Let’s face it. In today’s world many people would rather be an Independent Contractor (1099) rather than an Employee (W-2) of a company especially in the trade services. As an example, I have a client in the janitorial/mold remediation industry. Two years prior he began the process of attempting to convert his 1099 workers to W-2. Today, not one converted. They all wanted to stay as a 1099 for the freedom to freelance and obtain work out of different revenue streams. There are pros and cons of conducting business in a model like this but that is for an entirely different point in time.
The U.S Labor Department has an extensive 6-Part Test for classifying Employees vs. Independent Contractors.
Are you prepared to take this exam?
The most current and notable case is with Uber. Uber claims to have all Independent Contractors working for them while the state of California Labor Commission ruled they are in fact Employees.
Below are the 6 ways the U.S Labor Department will classify.
- Is the Work an Integral Part of the Employer’s Business?

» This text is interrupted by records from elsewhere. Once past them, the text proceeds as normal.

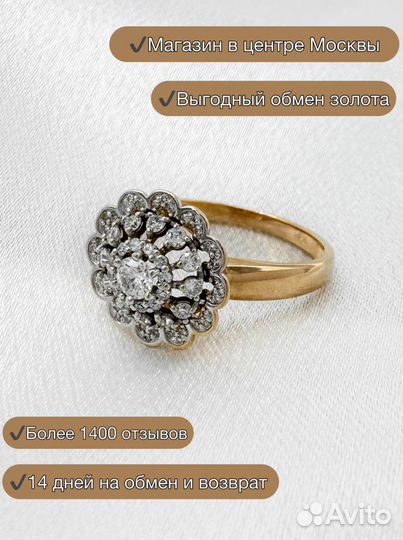 Золотое кольцо с бриллиантами 585 проба 2.15 гр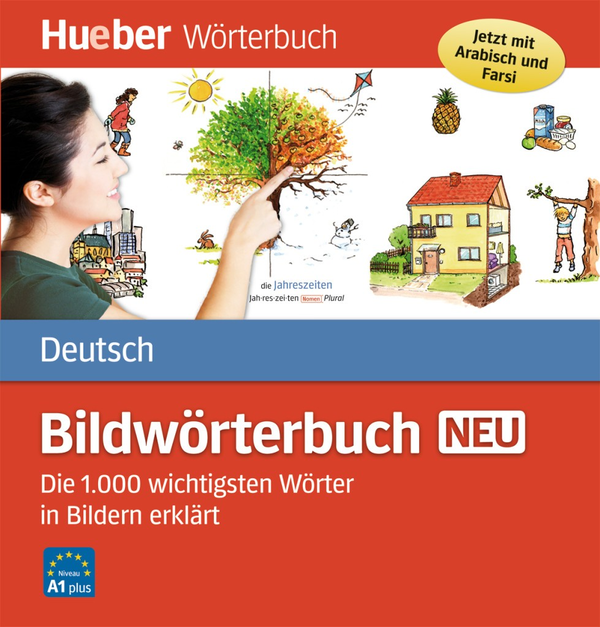 Бумажная книга «Bildwörterbuch Deutsch neu», авторов Джулиана Форссманн, Гизела Шпехт - фото №1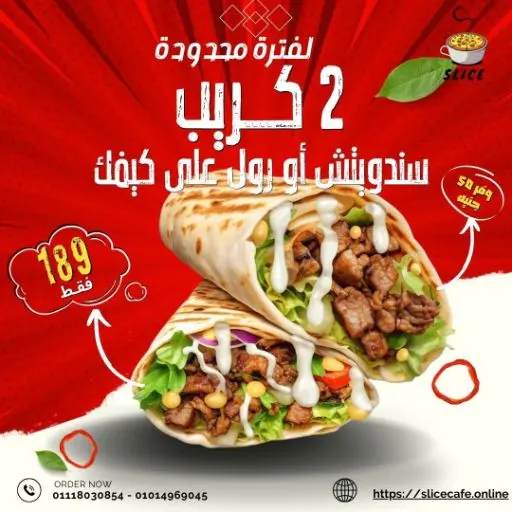 كريب ديلايت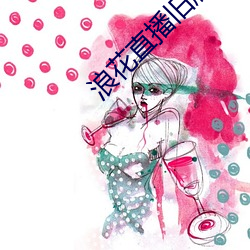 浪花直(直)播旧版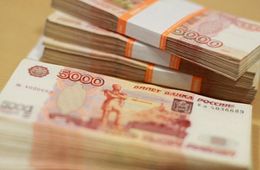 Забайкалью выделили 1,1 млрд р. из резервного фонда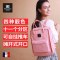 宝宝爱 妈咪包小号婴儿外出包母婴包妈妈背包多功能大容量孕妇包K21 儿童蜜桃粉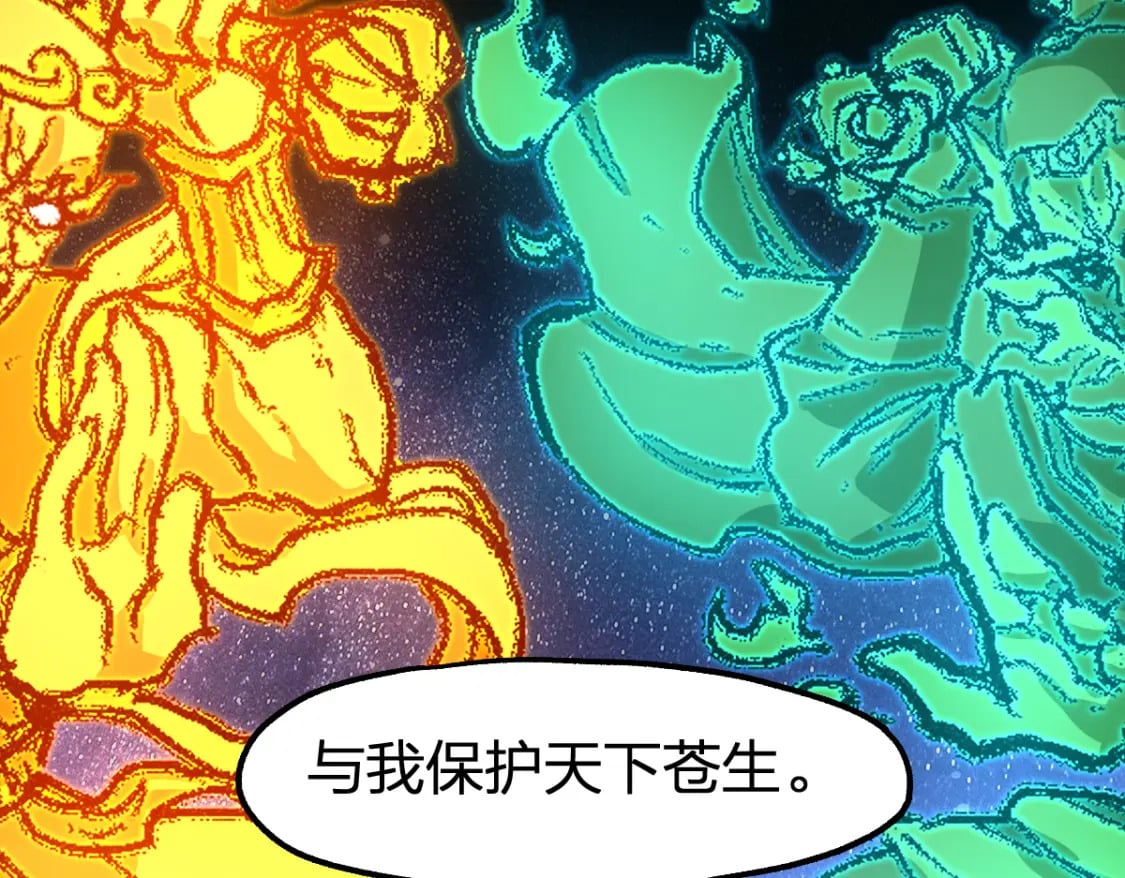 第213话 苏醒93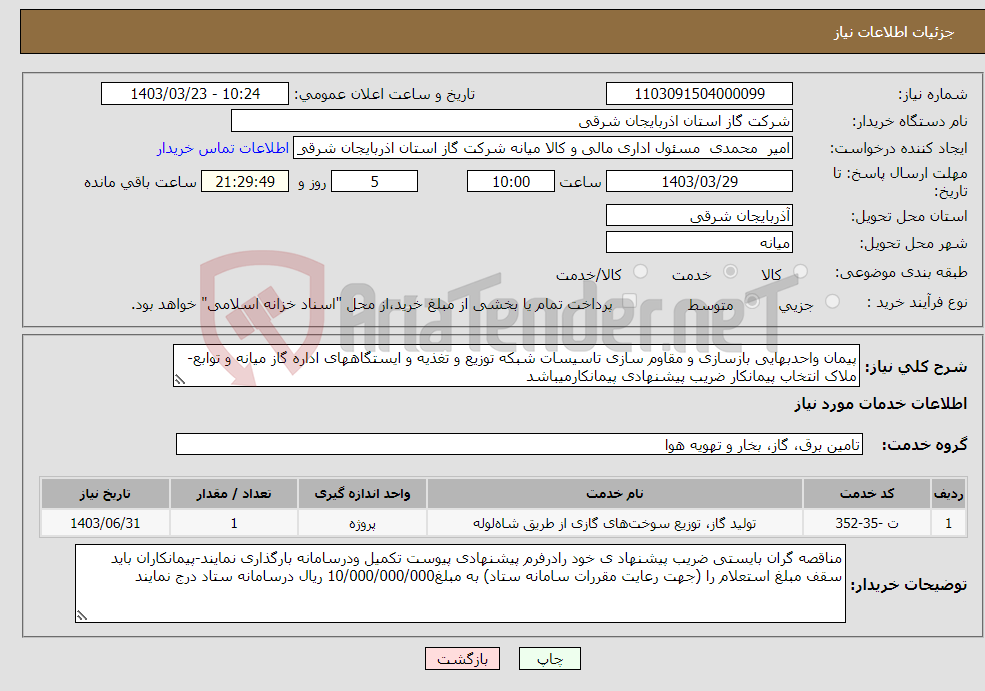 تصویر کوچک آگهی نیاز انتخاب تامین کننده-پیمان واحدبهایی بازسازی و مقاوم سازی تاسیسات شبکه توزیع و تغذیه و ایستگاههای اداره گاز میانه و توابع-ملاک انتخاب پیمانکار ضریب پیشنهادی پیمانکارمیباشد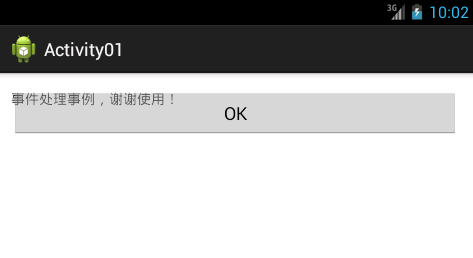 ���ָ���ť�ص���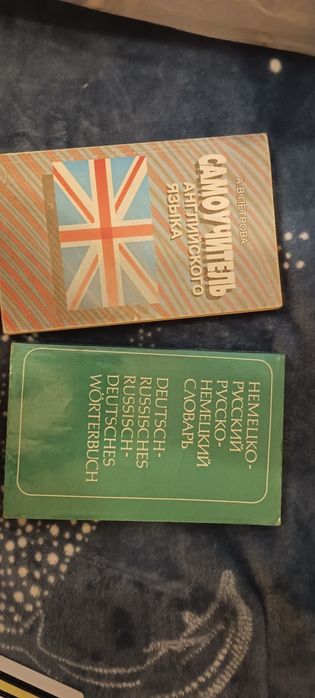 Самоучитель английского языка книга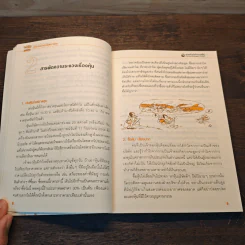 ออมไว้ในหุ้น - นวพร เรืองสกุล รูปที่ 8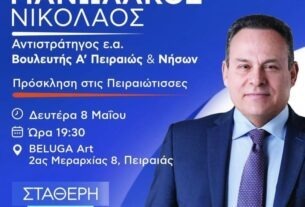 Νίκος Μανωλάκος: Πρόσκληση σε σε ανοιχτή συζήτηση στον Πειραιά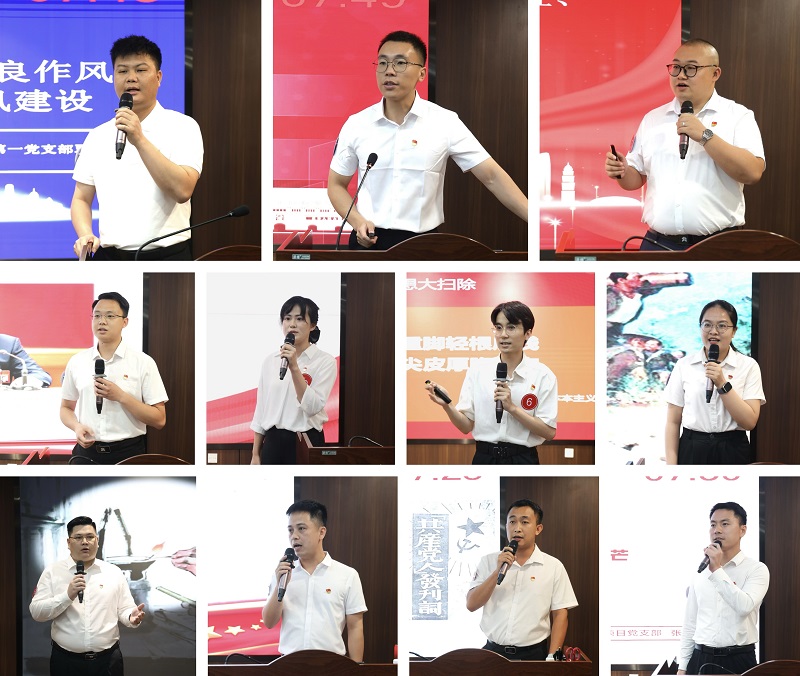 �������ǲ���(�й���)�ٷ���վ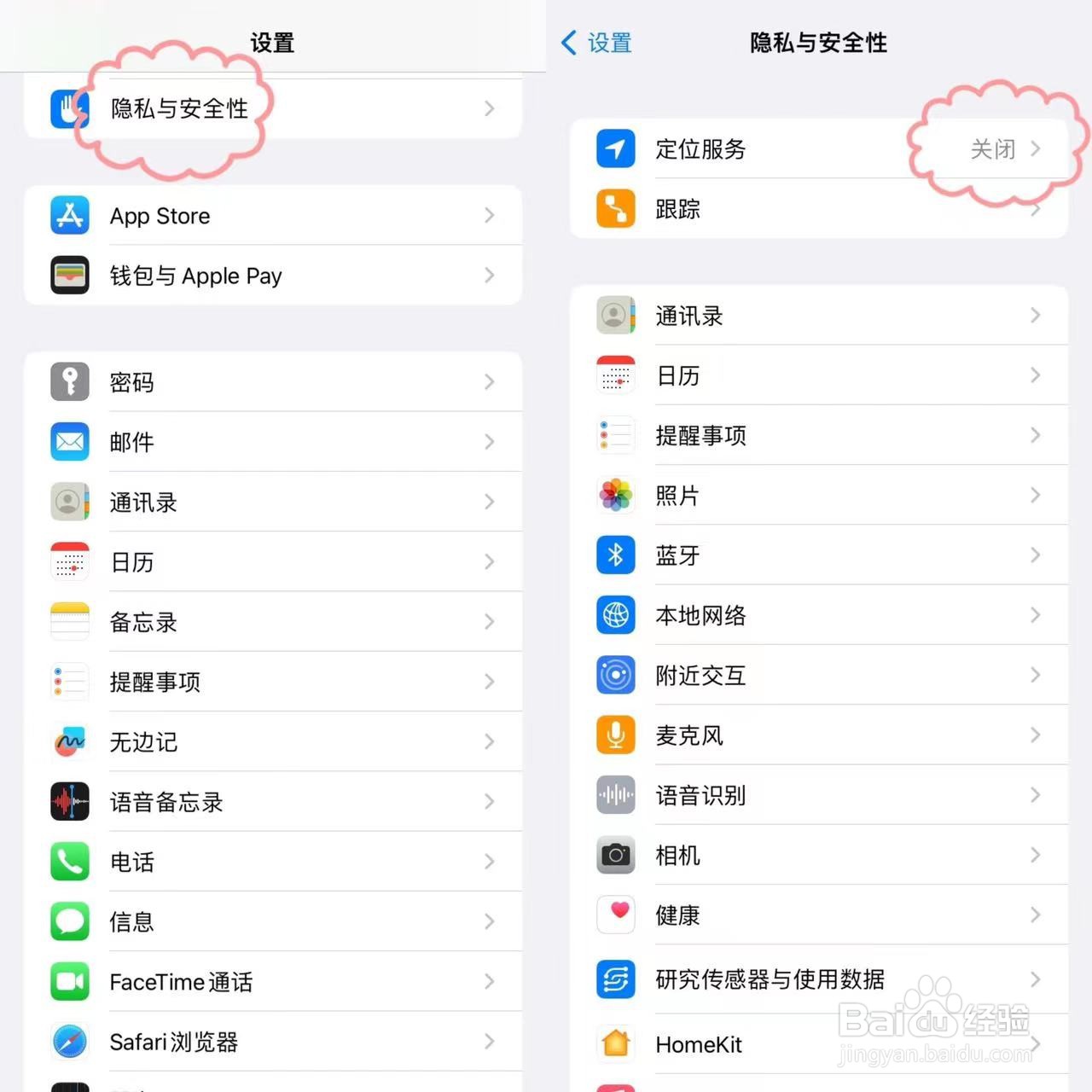iPhone电池不耐用，这样设置真的有用。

- Does the Worker’s Managerial Skill Affect the Worker’s Opportunity for Profit or Loss?
- How Does the Worker’s Relative Investment Compare to the Employer’s Investment?
- Does the Work Performed Require Special Skill and Initiative?
- Is the Relationship between the Worker and the Employer Permanent or Indefinite?
- What is the Nature and Degree of the Employer’s Control?
How did you do? Would your Independent Contractors withstand this test or would they be converted to Employees?
What would the ramifications be if the Labor Department ruled not in your favor?